- _Prompt_
Extract all of the data and reproduce it precisely.

Short text fragments from websites:
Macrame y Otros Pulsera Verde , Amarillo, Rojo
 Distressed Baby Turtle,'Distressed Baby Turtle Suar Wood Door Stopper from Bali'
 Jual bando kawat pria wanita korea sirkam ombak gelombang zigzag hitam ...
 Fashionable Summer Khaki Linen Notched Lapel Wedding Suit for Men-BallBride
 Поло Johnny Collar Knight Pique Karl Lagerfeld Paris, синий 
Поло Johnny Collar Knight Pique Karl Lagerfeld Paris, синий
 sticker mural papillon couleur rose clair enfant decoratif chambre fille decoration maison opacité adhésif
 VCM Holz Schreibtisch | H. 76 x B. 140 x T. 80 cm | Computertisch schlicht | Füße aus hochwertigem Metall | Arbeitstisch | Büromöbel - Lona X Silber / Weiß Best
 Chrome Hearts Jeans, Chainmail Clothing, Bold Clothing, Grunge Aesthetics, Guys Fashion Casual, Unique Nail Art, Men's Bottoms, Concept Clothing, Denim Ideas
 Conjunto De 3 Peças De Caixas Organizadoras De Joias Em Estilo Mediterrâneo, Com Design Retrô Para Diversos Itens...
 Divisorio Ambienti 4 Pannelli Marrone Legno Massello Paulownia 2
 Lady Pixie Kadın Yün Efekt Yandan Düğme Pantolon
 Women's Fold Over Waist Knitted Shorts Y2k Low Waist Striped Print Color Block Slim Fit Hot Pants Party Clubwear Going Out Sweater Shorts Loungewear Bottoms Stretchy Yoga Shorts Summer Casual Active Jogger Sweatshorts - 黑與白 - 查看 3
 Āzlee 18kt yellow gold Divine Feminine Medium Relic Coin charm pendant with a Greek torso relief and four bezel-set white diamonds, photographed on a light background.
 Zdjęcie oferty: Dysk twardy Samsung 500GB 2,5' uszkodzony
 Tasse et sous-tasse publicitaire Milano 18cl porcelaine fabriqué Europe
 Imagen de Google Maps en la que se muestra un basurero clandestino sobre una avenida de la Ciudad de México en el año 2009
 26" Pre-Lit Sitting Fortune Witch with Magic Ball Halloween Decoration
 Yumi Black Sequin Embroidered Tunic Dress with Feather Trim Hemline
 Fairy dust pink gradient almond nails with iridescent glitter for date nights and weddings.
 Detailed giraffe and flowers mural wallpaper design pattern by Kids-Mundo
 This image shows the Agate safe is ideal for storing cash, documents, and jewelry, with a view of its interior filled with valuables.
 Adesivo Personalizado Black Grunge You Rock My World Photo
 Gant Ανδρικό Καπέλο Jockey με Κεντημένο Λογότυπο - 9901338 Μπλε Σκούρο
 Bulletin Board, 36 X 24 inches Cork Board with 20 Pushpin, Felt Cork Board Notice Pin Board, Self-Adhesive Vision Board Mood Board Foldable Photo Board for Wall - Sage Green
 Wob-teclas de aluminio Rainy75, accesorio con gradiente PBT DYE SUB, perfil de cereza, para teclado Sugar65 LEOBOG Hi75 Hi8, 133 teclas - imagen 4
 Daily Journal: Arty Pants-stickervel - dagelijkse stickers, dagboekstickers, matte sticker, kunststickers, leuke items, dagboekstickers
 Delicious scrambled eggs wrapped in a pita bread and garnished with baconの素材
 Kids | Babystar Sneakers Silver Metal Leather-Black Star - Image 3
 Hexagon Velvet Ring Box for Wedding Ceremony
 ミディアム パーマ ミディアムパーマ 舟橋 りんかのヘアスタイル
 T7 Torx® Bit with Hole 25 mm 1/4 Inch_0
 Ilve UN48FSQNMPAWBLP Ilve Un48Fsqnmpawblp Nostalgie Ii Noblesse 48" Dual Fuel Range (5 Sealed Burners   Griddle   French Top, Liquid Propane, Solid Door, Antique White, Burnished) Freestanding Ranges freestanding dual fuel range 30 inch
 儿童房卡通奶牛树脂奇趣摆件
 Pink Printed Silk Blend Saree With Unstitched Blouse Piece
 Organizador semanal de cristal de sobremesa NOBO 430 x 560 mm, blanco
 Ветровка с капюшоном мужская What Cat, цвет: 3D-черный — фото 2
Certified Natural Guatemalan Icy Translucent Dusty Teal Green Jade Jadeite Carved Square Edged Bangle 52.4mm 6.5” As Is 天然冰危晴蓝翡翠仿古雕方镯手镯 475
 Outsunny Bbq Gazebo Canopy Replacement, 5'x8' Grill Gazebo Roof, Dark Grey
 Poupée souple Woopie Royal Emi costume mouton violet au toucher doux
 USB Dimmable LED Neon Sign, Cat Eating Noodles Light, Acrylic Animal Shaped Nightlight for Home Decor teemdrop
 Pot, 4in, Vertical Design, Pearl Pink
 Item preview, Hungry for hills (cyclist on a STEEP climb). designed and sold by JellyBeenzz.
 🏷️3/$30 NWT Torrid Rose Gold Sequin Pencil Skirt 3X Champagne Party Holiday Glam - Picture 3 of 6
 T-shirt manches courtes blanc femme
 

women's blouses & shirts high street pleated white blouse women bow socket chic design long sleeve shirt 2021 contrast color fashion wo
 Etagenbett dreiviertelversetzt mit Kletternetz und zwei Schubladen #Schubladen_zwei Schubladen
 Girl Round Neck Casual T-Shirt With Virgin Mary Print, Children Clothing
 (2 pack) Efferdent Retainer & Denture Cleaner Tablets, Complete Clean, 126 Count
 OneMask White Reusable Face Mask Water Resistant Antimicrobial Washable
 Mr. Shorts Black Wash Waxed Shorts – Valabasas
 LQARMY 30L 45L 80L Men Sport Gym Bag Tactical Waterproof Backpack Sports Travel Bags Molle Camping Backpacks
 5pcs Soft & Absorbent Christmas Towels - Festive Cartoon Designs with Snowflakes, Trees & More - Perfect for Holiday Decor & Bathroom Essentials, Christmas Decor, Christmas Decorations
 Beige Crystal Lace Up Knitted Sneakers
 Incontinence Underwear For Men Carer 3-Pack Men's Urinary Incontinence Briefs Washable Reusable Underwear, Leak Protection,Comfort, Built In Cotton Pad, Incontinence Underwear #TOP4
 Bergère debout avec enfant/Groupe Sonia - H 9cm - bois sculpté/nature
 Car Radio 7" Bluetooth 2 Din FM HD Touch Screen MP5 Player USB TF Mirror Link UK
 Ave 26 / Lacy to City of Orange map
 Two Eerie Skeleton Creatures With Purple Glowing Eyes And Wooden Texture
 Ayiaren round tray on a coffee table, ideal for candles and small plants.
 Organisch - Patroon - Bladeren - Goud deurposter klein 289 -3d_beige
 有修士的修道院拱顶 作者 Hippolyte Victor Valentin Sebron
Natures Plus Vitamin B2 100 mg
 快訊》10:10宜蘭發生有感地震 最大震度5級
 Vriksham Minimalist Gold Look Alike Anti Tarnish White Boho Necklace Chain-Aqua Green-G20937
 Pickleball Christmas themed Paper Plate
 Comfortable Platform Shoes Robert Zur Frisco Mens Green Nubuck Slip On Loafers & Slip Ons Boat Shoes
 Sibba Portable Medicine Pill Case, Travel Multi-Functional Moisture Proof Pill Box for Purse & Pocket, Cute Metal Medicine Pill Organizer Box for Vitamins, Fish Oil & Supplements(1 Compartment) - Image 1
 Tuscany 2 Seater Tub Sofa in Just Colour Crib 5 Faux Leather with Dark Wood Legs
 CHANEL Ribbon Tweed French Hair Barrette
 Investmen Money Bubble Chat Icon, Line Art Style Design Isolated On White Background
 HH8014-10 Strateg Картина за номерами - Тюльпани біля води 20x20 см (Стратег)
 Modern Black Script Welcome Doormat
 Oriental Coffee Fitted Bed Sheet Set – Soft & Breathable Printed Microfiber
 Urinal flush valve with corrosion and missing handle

- _Solution to the exercise_
Macrame y Otros Pulsera Verde , Amarillo, Rojo
 Distressed Baby Turtle,'Distressed Baby Turtle Suar Wood Door Stopper from Bali'
 Jual bando kawat pria wanita korea sirkam ombak gelombang zigzag hitam ...
 Fashionable Summer Khaki Linen Notched Lapel Wedding Suit for Men-BallBride
 Поло Johnny Collar Knight Pique Karl Lagerfeld Paris, синий 
Поло Johnny Collar Knight Pique Karl Lagerfeld Paris, синий
 sticker mural papillon couleur rose clair enfant decoratif chambre fille decoration maison opacité adhésif
 VCM Holz Schreibtisch | H. 76 x B. 140 x T. 80 cm | Computertisch schlicht | Füße aus hochwertigem Metall | Arbeitstisch | Büromöbel - Lona X Silber / Weiß Best
 Chrome Hearts Jeans, Chainmail Clothing, Bold Clothing, Grunge Aesthetics, Guys Fashion Casual, Unique Nail Art, Men's Bottoms, Concept Clothing, Denim Ideas
 Conjunto De 3 Peças De Caixas Organizadoras De Joias Em Estilo Mediterrâneo, Com Design Retrô Para Diversos Itens...
 Divisorio Ambienti 4 Pannelli Marrone Legno Massello Paulownia 2
 Lady Pixie Kadın Yün Efekt Yandan Düğme Pantolon
 Women's Fold Over Waist Knitted Shorts Y2k Low Waist Striped Print Color Block Slim Fit Hot Pants Party Clubwear Going Out Sweater Shorts Loungewear Bottoms Stretchy Yoga Shorts Summer Casual Active Jogger Sweatshorts - 黑與白 - 查看 3
 Āzlee 18kt yellow gold Divine Feminine Medium Relic Coin charm pendant with a Greek torso relief and four bezel-set white diamonds, photographed on a light background.
 Zdjęcie oferty: Dysk twardy Samsung 500GB 2,5' uszkodzony
 Tasse et sous-tasse publicitaire Milano 18cl porcelaine fabriqué Europe
 Imagen de Google Maps en la que se muestra un basurero clandestino sobre una avenida de la Ciudad de México en el año 2009
 26" Pre-Lit Sitting Fortune Witch with Magic Ball Halloween Decoration
 Yumi Black Sequin Embroidered Tunic Dress with Feather Trim Hemline
 Fairy dust pink gradient almond nails with iridescent glitter for date nights and weddings.
 Detailed giraffe and flowers mural wallpaper design pattern by Kids-Mundo
 This image shows the Agate safe is ideal for storing cash, documents, and jewelry, with a view of its interior filled with valuables.
 Adesivo Personalizado Black Grunge You Rock My World Photo
 Gant Ανδρικό Καπέλο Jockey με Κεντημένο Λογότυπο - 9901338 Μπλε Σκούρο
 Bulletin Board, 36 X 24 inches Cork Board with 20 Pushpin, Felt Cork Board Notice Pin Board, Self-Adhesive Vision Board Mood Board Foldable Photo Board for Wall - Sage Green
 Wob-teclas de aluminio Rainy75, accesorio con gradiente PBT DYE SUB, perfil de cereza, para teclado Sugar65 LEOBOG Hi75 Hi8, 133 teclas - imagen 4
 Daily Journal: Arty Pants-stickervel - dagelijkse stickers, dagboekstickers, matte sticker, kunststickers, leuke items, dagboekstickers
 Delicious scrambled eggs wrapped in a pita bread and garnished with baconの素材
 Kids | Babystar Sneakers Silver Metal Leather-Black Star - Image 3
 Hexagon Velvet Ring Box for Wedding Ceremony
 ミディアム パーマ ミディアムパーマ 舟橋 りんかのヘアスタイル
 T7 Torx® Bit with Hole 25 mm 1/4 Inch_0
 Ilve UN48FSQNMPAWBLP Ilve Un48Fsqnmpawblp Nostalgie Ii Noblesse 48" Dual Fuel Range (5 Sealed Burners   Griddle   French Top, Liquid Propane, Solid Door, Antique White, Burnished) Freestanding Ranges freestanding dual fuel range 30 inch
 儿童房卡通奶牛树脂奇趣摆件
 Pink Printed Silk Blend Saree With Unstitched Blouse Piece
 Organizador semanal de cristal de sobremesa NOBO 430 x 560 mm, blanco
 Ветровка с капюшоном мужская What Cat, цвет: 3D-черный — фото 2
Certified Natural Guatemalan Icy Translucent Dusty Teal Green Jade Jadeite Carved Square Edged Bangle 52.4mm 6.5” As Is 天然冰危晴蓝翡翠仿古雕方镯手镯 475
 Outsunny Bbq Gazebo Canopy Replacement, 5'x8' Grill Gazebo Roof, Dark Grey
 Poupée souple Woopie Royal Emi costume mouton violet au toucher doux
 USB Dimmable LED Neon Sign, Cat Eating Noodles Light, Acrylic Animal Shaped Nightlight for Home Decor teemdrop
 Pot, 4in, Vertical Design, Pearl Pink
 Item preview, Hungry for hills (cyclist on a STEEP climb). designed and sold by JellyBeenzz.
 🏷️3/$30 NWT Torrid Rose Gold Sequin Pencil Skirt 3X Champagne Party Holiday Glam - Picture 3 of 6
 T-shirt manches courtes blanc femme
 

women's blouses & shirts high street pleated white blouse women bow socket chic design long sleeve shirt 2021 contrast color fashion wo
 Etagenbett dreiviertelversetzt mit Kletternetz und zwei Schubladen #Schubladen_zwei Schubladen
 Girl Round Neck Casual T-Shirt With Virgin Mary Print, Children Clothing
 (2 pack) Efferdent Retainer & Denture Cleaner Tablets, Complete Clean, 126 Count
 OneMask White Reusable Face Mask Water Resistant Antimicrobial Washable
 Mr. Shorts Black Wash Waxed Shorts – Valabasas
 LQARMY 30L 45L 80L Men Sport Gym Bag Tactical Waterproof Backpack Sports Travel Bags Molle Camping Backpacks
 5pcs Soft & Absorbent Christmas Towels - Festive Cartoon Designs with Snowflakes, Trees & More - Perfect for Holiday Decor & Bathroom Essentials, Christmas Decor, Christmas Decorations
 Beige Crystal Lace Up Knitted Sneakers
 Incontinence Underwear For Men Carer 3-Pack Men's Urinary Incontinence Briefs Washable Reusable Underwear, Leak Protection,Comfort, Built In Cotton Pad, Incontinence Underwear #TOP4
 Bergère debout avec enfant/Groupe Sonia - H 9cm - bois sculpté/nature
 Car Radio 7" Bluetooth 2 Din FM HD Touch Screen MP5 Player USB TF Mirror Link UK
 Ave 26 / Lacy to City of Orange map
 Two Eerie Skeleton Creatures With Purple Glowing Eyes And Wooden Texture
 Ayiaren round tray on a coffee table, ideal for candles and small plants.
 Organisch - Patroon - Bladeren - Goud deurposter klein 289 -3d_beige
 有修士的修道院拱顶 作者 Hippolyte Victor Valentin Sebron
Natures Plus Vitamin B2 100 mg
 快訊》10:10宜蘭發生有感地震 最大震度5級
 Vriksham Minimalist Gold Look Alike Anti Tarnish White Boho Necklace Chain-Aqua Green-G20937
 Pickleball Christmas themed Paper Plate
 Comfortable Platform Shoes Robert Zur Frisco Mens Green Nubuck Slip On Loafers & Slip Ons Boat Shoes
 Sibba Portable Medicine Pill Case, Travel Multi-Functional Moisture Proof Pill Box for Purse & Pocket, Cute Metal Medicine Pill Organizer Box for Vitamins, Fish Oil & Supplements(1 Compartment) - Image 1
 Tuscany 2 Seater Tub Sofa in Just Colour Crib 5 Faux Leather with Dark Wood Legs
 CHANEL Ribbon Tweed French Hair Barrette
 Investmen Money Bubble Chat Icon, Line Art Style Design Isolated On White Background
 HH8014-10 Strateg Картина за номерами - Тюльпани біля води 20x20 см (Стратег)
 Modern Black Script Welcome Doormat
 Oriental Coffee Fitted Bed Sheet Set – Soft & Breathable Printed Microfiber
 Urinal flush valve with corrosion and missing handle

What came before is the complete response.